The talk itself was beautiful, focusing on tawakkul, and the positive benefit of "absolute, uncompromising monotheism," and increasing our reliance on Allah (swt), and wilaya, which stems from absolute reliance. I have several pages of notes, which I can't type up at the moment, but the end message, typing it all together, resulted for me, and many others there to feel this optimism about my relationship with Allah swt. It CAN change, it CAN improve and we have the tools easily out our disposal. AlhamdulAllah, reminders and rather simple at it's core, but we need people like the Sheikh, living embodiments of these ideas, to remind us that it can be done, that asceticism and wilaya in its orthodox form isn't limited to medieval wool-wearing Sufis but very much alive today and sometimes found in a tweed jacket.
Okay, so as if this blessing from Allah (swt) wasn't enough, I was able to tag along with my brother-in-law and sister, as well as Sidi Khalil (who alhamdulAllah I am blessed knowing through my sister for many years) and several of the GW brothers, to go to dinner with the Sheikh.
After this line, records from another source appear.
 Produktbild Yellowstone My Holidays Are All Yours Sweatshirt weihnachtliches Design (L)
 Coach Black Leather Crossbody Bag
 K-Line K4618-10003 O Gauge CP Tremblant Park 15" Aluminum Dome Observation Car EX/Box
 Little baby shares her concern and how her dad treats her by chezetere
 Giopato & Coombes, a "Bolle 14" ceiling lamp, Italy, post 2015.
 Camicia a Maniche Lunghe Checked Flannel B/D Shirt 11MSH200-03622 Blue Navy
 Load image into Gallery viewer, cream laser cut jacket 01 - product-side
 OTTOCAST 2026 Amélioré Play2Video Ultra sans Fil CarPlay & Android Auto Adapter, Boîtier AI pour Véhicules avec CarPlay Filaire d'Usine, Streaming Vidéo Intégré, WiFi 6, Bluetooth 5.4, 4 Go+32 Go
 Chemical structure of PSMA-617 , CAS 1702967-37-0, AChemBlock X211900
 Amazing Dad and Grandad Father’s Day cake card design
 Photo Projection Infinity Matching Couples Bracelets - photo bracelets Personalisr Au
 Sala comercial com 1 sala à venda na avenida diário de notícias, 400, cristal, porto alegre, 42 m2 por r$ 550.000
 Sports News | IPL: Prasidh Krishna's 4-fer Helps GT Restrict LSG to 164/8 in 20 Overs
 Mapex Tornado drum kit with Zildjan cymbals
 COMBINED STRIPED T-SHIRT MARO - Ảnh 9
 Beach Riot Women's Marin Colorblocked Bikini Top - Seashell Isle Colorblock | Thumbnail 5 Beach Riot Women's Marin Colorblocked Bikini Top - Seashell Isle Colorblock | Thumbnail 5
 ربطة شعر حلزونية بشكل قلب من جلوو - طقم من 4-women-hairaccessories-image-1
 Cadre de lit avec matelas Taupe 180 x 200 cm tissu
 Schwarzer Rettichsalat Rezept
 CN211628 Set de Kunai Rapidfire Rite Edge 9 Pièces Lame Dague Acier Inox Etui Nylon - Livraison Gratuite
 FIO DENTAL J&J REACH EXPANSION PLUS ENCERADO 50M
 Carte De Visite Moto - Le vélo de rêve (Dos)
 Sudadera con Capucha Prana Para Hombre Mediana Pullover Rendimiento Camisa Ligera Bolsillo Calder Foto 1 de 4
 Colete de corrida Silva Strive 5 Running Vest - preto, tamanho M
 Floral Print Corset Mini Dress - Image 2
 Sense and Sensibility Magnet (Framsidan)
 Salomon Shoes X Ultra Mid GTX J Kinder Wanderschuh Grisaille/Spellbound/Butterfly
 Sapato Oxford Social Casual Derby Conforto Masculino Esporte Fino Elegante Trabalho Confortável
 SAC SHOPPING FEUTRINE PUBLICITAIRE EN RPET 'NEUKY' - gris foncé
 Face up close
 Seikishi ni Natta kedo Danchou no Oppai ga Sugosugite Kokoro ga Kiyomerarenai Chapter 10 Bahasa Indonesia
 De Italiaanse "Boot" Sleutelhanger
We walked over to Fettoosh on M street, a Lebanese restaurant. I have never wanted or wished so badly to take notes during a meal in my life! AlhamdulAllah, to sit in an informal gathering with the Sheikh is such a blessing. Not that it's really that informal, everyone was still shy and overwhelmed with his
hal, and all of us were aware of what once-in-a-lifetime opportunity position we were in, to just ask the Sheikh anything, in an intimate setting. And ask we did, the topics ranged from early heretical Shi'a theology to the headscarf bans in France and Turkey to studying in Cambridge and on and on. He closed the dinner with a beautiful du'a, and then a few of us actually walked him to his hotel across Key Bridge. Imagine the beauty of walking across the inky Potomac at night in the footsteps of this spiritual giant...it was unreal.
Also, the brothers and sisters I met last night, most students at GU, were amazing. The brothers that we actually ate dinner with, almost all GU students, were extremely intelligent, but well grounded in traditional Islamic sciences too. I realized, sitting there, that all those brothers will inshAllah be the leaders of the American ummah, insh'Allah in the future! It was really this tremendous blessing to sit with all of them and the Sheikh. I don't know what business I had there or as they say "what I did right" to deserve such a wonderful evening, a gift really, from Allah subhanwataAllah. Whatever it was, alhamdulillah a hundred million times!
And that was my evening with the Sheikh. May Allah bless and increase him and all our teachers a hundred times over. Ameen!